On a Wednesday morning late last May in Barybino, a drab town in the Moscow suburbs, a passerby spotted a body wrapped in black garbage bags floating in a pond by the main street.
Police soon determined it was the corpse of a 38-year-old man named Dmitry Serbinov. Although he wasn’t a resident of Barybino, he had moved in with a local, Marina Kolgina, a year earlier, and quickly become familiar to local officers as she regularly filed complaints of domestic abuse. That morning they found Serbinov with nine stab wounds across his chest, two more on his left shoulder and another two above his brow. He was also missing his left ring finger and its silver band engraved with the words “save and protect.”

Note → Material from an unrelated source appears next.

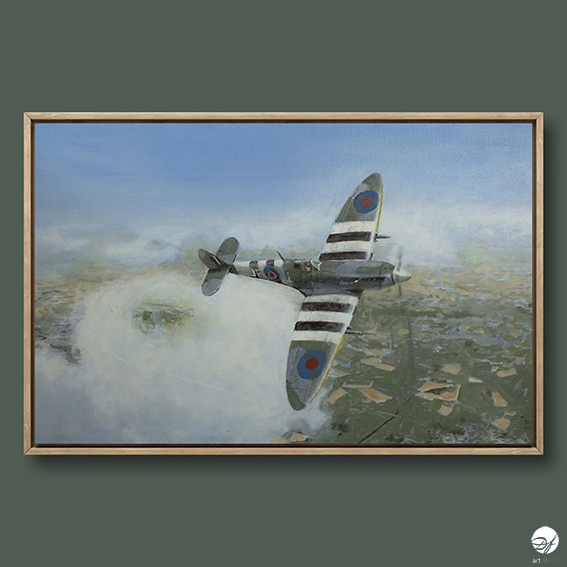 Supermarine Spitfire | oil on canvas  | 50x70cm | 2022 (sold)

Two days later, in the early hours of Friday, May 25, police rounded up Kolgina and three men in her circle, all of whom had previously been charged with various kinds of misconduct. As night turned into morning, then into day, they set about interrogating the suspects until one of the men had admitted to the murder — although he would later retract his confession — and another had agreed to testify against him in the trial.
“They went after the easiest people to frame,” said Pyotr Khromov, a lawyer with the Committee Against Torture human rights group, which investigates allegations of torture by the state. “Who cares if another drunk goes to prison?”

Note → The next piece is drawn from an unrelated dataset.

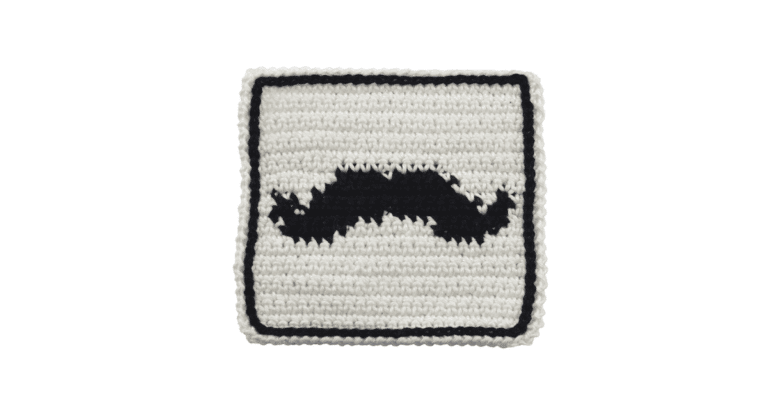 Faça o lindo porta copos de bigode em crochê: Passo a passo com gráficos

The chain of events that followed highlights a criminal justice system that presumes defendants are guilty and is reluctant to question the state. According to a study by the independent Proekt outlet published in May, less than half a percent of court cases in Russia last year ended in acquittal.
Once police have decided on the narrative of a crime, due process slinks into the background and there is little a defense team can do.